== Segment start ==

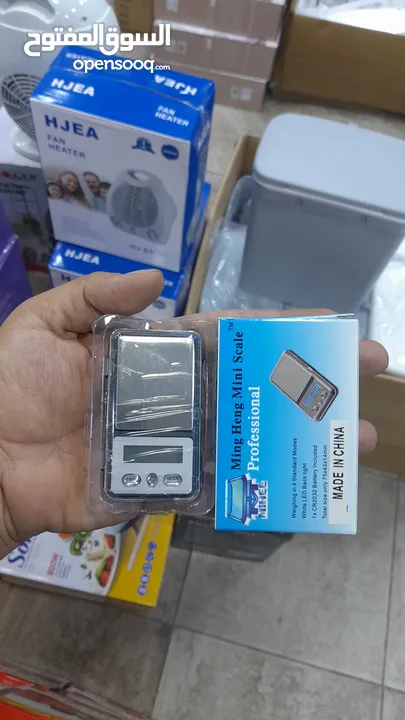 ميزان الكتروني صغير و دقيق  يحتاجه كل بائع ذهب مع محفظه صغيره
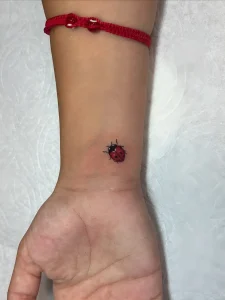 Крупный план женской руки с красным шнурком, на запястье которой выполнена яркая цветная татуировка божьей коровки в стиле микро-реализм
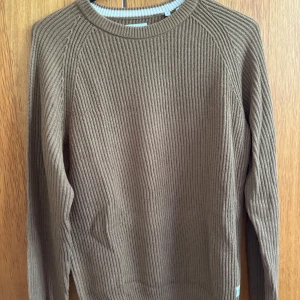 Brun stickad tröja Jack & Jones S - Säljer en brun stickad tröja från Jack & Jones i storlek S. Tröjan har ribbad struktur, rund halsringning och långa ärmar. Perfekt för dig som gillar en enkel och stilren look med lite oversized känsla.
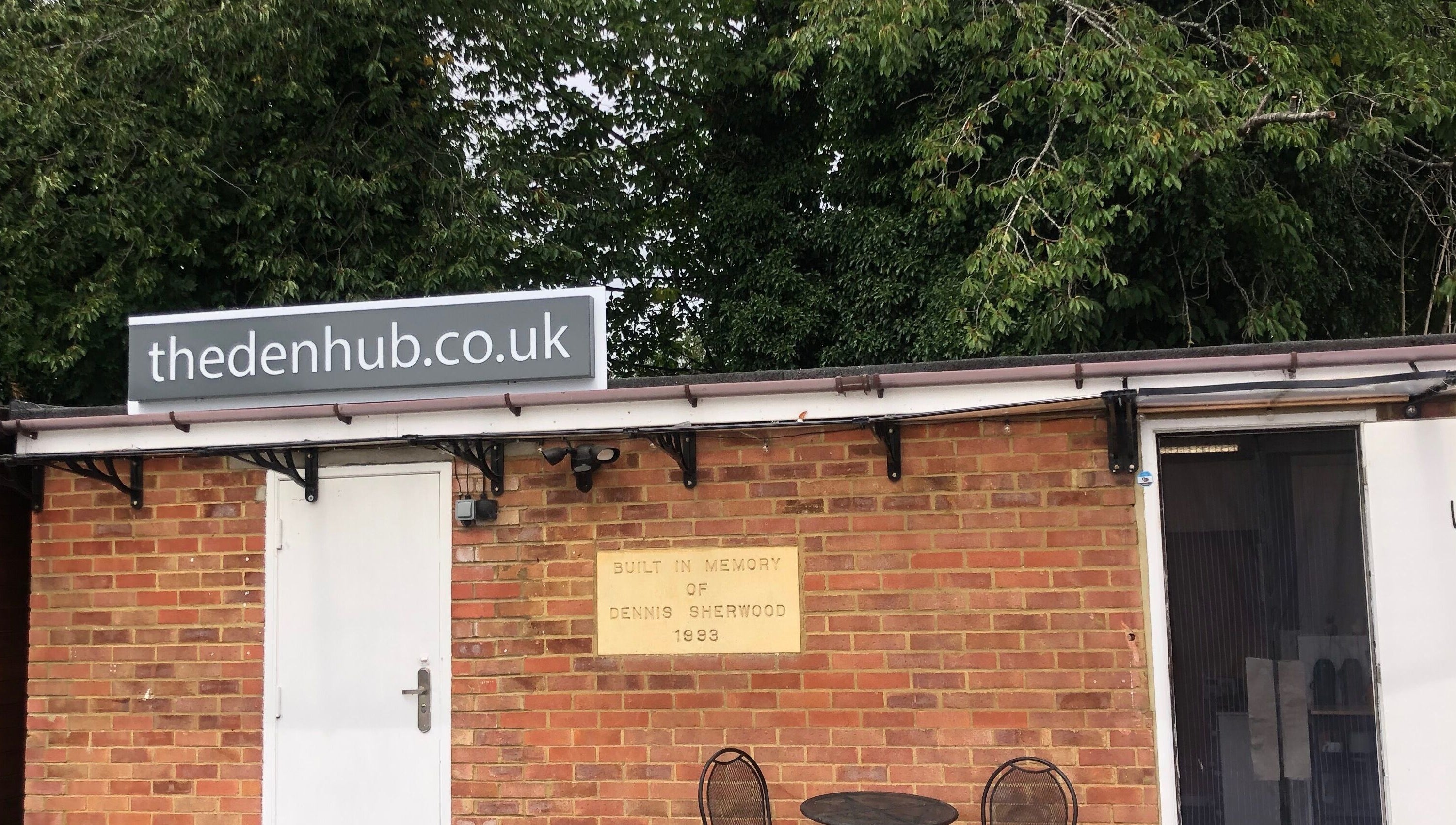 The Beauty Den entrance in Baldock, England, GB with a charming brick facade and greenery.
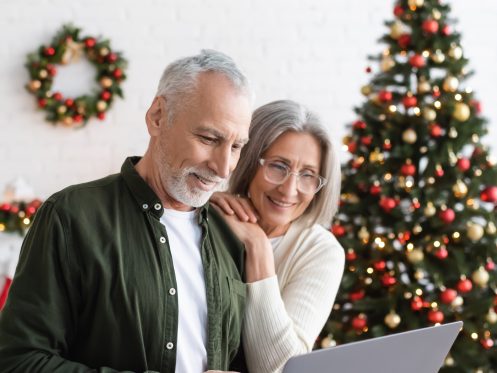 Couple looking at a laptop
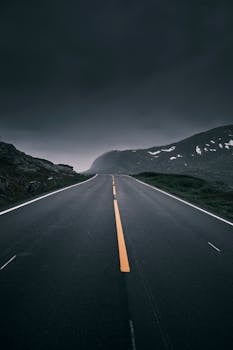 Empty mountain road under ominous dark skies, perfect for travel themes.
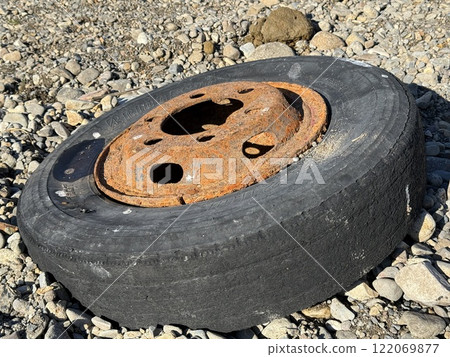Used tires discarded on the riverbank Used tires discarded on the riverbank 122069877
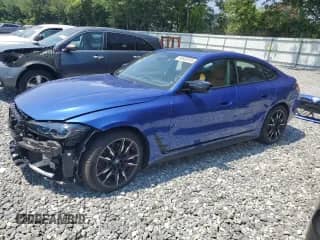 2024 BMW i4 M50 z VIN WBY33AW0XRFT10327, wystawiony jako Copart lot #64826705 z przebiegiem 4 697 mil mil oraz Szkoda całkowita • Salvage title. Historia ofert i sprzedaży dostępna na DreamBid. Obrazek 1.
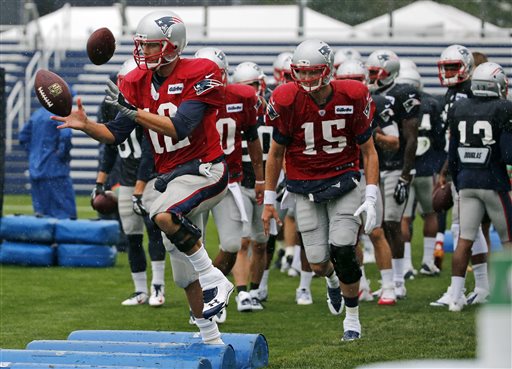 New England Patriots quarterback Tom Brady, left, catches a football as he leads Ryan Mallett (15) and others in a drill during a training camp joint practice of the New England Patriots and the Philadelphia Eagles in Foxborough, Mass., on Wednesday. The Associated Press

== Segment end ==

# Problem statement
The entries are to be restated word for word, with pictures omitted.

# Solved problem
 ميزان الكتروني صغير و دقيق  يحتاجه كل بائع ذهب مع محفظه صغيره
 Крупный план женской руки с красным шнурком, на запястье которой выполнена яркая цветная татуировка божьей коровки в стиле микро-реализм
 Brun stickad tröja Jack & Jones S - Säljer en brun stickad tröja från Jack & Jones i storlek S. Tröjan har ribbad struktur, rund halsringning och långa ärmar. Perfekt för dig som gillar en enkel och stilren look med lite oversized känsla.
 The Beauty Den entrance in Baldock, England, GB with a charming brick facade and greenery.
 Couple looking at a laptop
 Empty mountain road under ominous dark skies, perfect for travel themes.
Used tires discarded on the riverbank Used tires discarded on the riverbank 122069877
 2024 BMW i4 M50 z VIN WBY33AW0XRFT10327, wystawiony jako Copart lot #64826705 z przebiegiem 4 697 mil mil oraz Szkoda całkowita • Salvage title. Historia ofert i sprzedaży dostępna na DreamBid. Obrazek 1.
 New England Patriots quarterback Tom Brady, left, catches a football as he leads Ryan Mallett (15) and others in a drill during a training camp joint practice of the New England Patriots and the Philadelphia Eagles in Foxborough, Mass., on Wednesday. The Associated Press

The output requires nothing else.